To comfort a grieving child, you need compassion, understanding; to see the world through their eyes. If you can’t do any that… settle for beer.
A fantasy film about magic and drinking, loss and the joys of swearing. When Pigs Fly will probably make parents cringe at the beginning as an uncle comforts his grieving ten year old niece with a beer, and several profanities. But as we are subtlely engulfed into a series of flashbacks filled with family drama and a child with vivid in imagination, we quickly come to understand where the joys of swearing are coming from.

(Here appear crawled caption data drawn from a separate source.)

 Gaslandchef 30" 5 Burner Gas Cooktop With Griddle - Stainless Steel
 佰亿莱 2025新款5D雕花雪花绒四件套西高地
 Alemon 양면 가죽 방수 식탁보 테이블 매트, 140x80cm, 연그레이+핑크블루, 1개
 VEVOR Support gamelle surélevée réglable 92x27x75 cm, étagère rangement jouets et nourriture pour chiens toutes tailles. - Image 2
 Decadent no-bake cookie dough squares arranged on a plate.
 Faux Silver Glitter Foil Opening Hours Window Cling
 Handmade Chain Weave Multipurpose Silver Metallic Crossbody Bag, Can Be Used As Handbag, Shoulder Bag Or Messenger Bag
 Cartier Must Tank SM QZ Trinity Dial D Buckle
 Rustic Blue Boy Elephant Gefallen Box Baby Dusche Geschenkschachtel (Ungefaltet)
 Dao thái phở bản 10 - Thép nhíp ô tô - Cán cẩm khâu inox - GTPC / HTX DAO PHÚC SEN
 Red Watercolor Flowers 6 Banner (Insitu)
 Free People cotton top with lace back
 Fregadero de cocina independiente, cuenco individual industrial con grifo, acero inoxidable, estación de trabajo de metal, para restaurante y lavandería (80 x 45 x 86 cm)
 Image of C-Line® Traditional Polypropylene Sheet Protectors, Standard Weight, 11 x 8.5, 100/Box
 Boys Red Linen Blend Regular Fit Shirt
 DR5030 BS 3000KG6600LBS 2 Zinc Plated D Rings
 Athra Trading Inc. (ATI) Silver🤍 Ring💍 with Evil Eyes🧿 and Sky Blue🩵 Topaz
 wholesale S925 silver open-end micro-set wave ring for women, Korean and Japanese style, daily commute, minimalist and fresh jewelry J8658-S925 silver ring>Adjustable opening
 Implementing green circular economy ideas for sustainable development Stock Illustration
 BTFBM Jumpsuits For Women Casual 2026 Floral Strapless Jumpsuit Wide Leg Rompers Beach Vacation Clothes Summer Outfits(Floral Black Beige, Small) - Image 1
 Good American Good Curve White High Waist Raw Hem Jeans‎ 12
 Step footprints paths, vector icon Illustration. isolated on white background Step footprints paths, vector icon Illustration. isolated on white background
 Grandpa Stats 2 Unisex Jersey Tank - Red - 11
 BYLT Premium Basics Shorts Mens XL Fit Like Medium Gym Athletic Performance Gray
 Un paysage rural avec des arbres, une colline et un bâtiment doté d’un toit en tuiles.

The film was created as my thesis at USC. I was playing around texturing to do the drawn look from A-Ha’s classic ‘Take On Me’ music video much faster. Initially I was going to try to do it all by hand. But I did the math and it would of taken ten years to animate ten seconds. Luckily I was sitting next to a brilliant VFX supervisor named Johnson Thomasson who figured out a better way. From there we got really lucky we were given a fellowship from 21st Century Fox for students using VFX for storytelling. Then we got really lucky and were able to get Glenn Howerton from It’s Always Sunny in Philadelphia to play the lead for free (USC students can’t pay actors.) I’m a huge fan of the show and him, so it was a really intimidating. But he couldn’t have been any nicer and it was an amazing experience getting to work with an actor like that. All in all the film took about two years to create.
While the film holds itself up quite strongly cinematically, it’s the magical VFX and CG characters that bring the story and film up to high praise. Children have quite an impressive imagination, and when filmmakers like Kaveh Veyssi are capable of bringing that vividness to life on film, it does nothing but brighten our eyes. A real gem and memorable film.